Kai · October 4, 2021, 10:41am

Hey tryto,

in the most recent version of TDT (3.999E, see our webpage) I added a new output measure for exactly this purpose:
transres_confusion_matrix_plus_undecided.m
You can use it by setting

cfg.results.output = confusion_matrix_plus_undecided ';

See “>> help confusion_matrix_plus_undecided” and “>> edit demo3_1_simpletoydata_multiclass_confusion” for more.

Hope that helps? Best!
Kai

tryto · October 20, 2021, 9:29pm

Yes, the pairwise accuracy option is much more informative in this case. Thank you for this suggestion. I will definitely use that.

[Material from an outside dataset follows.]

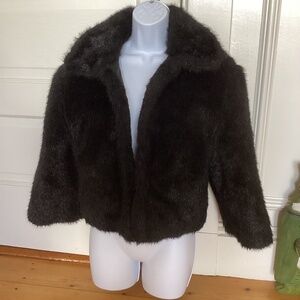 VINTAGE SHORT BLACK FAUX FUR LINED JACKET WITH POCKETS 3/4 SLEEVES SIZE MED/LG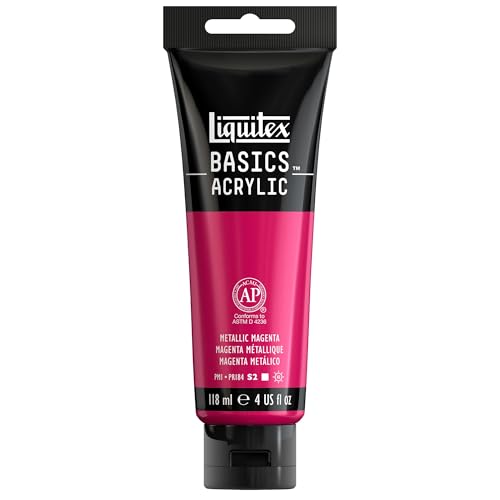 Liquitex BASICS Acrylic Paint 118ml 4oz Tube Metallic Magenta - Image 1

That is exactly what i need. Although I’ve been having some issues with using this option. What i’m getting is always an error:

Matrix dimensions must agree.

Error in transres_confusion_matrix_plus_undecided (line 142)
majority_pred_ind = repmat(all_ulabels’, size(dv, 1), 1) == repmat(majority_pred_class, 1, size(dv, 2));

Error in decoding_transform_results (line 260)
output = feval(fhandle,decoding_out,chancelevel,cfg,data);

Error in decoding_generate_output (line 35)
output = decoding_transform_results(curr_output,decoding_out,chancelevel,cfg,data);

Error in decoding (line 568)
results = decoding_generate_output(cfg,results,decoding_out,i_decoding,curr_decoding,current_data);

Error in digits_mvpa_basic (line 118)
results = decoding(cfg);